“May a reasonable man take mere illegality to be sufficient evidence that an act is morally wrong…?”—M.B.E Smith. In other words, upon learning that someone has committed an unlawful act, should we automatically presume that he/she has disobeyed a moral code? A cursory look into the nature of positive law in the United States proves that the answer is a resounding “no” on the grounds that laws are arbitrary, inconsistent, and always evolving.

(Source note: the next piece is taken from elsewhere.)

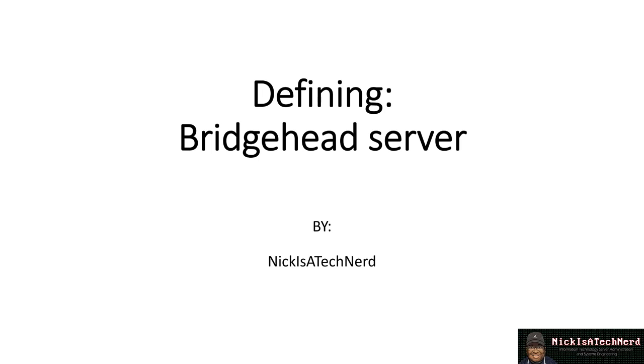Defining Bridgehead Server. What is a Bridgehead Server? And how can we concisely and simplistically define this thing? Let's give it a shot.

It is useful to consider substance use, or abuse, to demonstrate the arbitrariness of positive law, even within a governmental entity that upholds rule of law principals. The United States assumes the authority to determine whether the use, possession, and handling of certain substances are lawful. For instance, tobacco, an agricultural staple underlying US revenue, is legal despite that is addictive, increases the risk of lung cancer, heart disease and stroke, and accounts for 443,000 American deaths each year. However, marijuana, which is not taxed, has a smaller mainstream cultural acceptance and has given rise to a black market culture, is illegal even though it is not tied to any long-term health risks and can be used to suppress nausea, stimulate hunger, and treat glaucoma and gastrointestinal illness. If morality is intended to represent the common good, then the ethical argument should support the illegal substance and condemn the legal one.
In terms of inconsistency, there are conflicting laws even within the realm of the contiguous United States. The use of medical marijuana is currently legal in 17 states and illegal in the other 33. If legal violations are to be perceived as moral problems, it must follow that medical marijuana may be judged as moral in some places of the country but immoral in others. This dichotomy is simply untenable. Regardless of whether there is one absolute and fixed morality, as explained by Natural Law, or many changing moralities, as suggested by positivist thinkers, the same action cannot simultaneously represent both ends of the ethical spectrum due to the fact that it is occurring in different locations.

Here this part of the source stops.